For weeks the fear was simple: a Middle East war plus a closed Strait of Hormuz equals $120, maybe $150 oil and a fresh inflation shock. It didn’t happen. U.S. crude topped out around $86 and, once the cease-fire landed, fell back toward $80. For a war over the single most important oil chokepoint on earth, that is a remarkably contained move.
One: the market kept pricing a deal. Traders never fully believed the worst case, and every headline hinting at a settlement bled premium back out of crude.
Two: China pulled back. The world’s largest crude importer leaned harder on discounted Russian pipeline barrels and trimmed seaborne buying, softening global demand right when supply looked fragile.
Three: the “Trump factor.” Repeated public signals about timing, pricing and a cease-fire repeatedly capped rallies — jawboning that moved the benchmark almost as much as the fundamentals.
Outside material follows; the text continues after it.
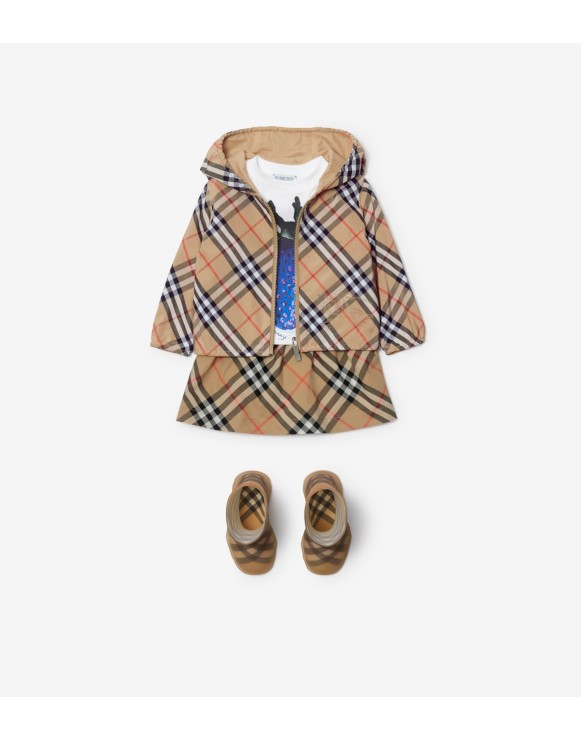 Baby girl burberry skirt best sale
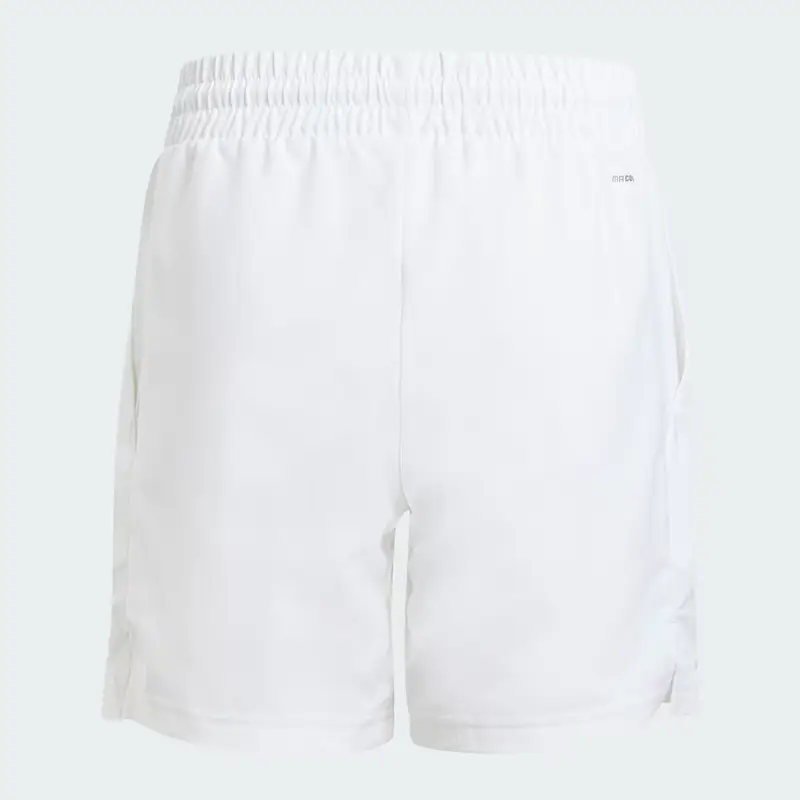Short da tennis Club 3-Stripes Junior White miniatura 2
Four: American resilience. U.S. shale, strategic reserves and a more efficient, partly-electrified demand base mean the country simply absorbs an oil shock better than it did in the 1970s. The system has slack it didn’t used to have.
This is exactly why our energy overweight — ExxonMobil (XOM), Chevron (CVX), and the LNG names — is built on dividends and integrated cash flow, not on a bet that a war sends crude to $150. The companies that pay you to wait don’t need the super-spike to reward you; they just need a world that keeps using oil, which it does. We held the sleeve through the war and we hold it through the peace, sized to the cash it generates.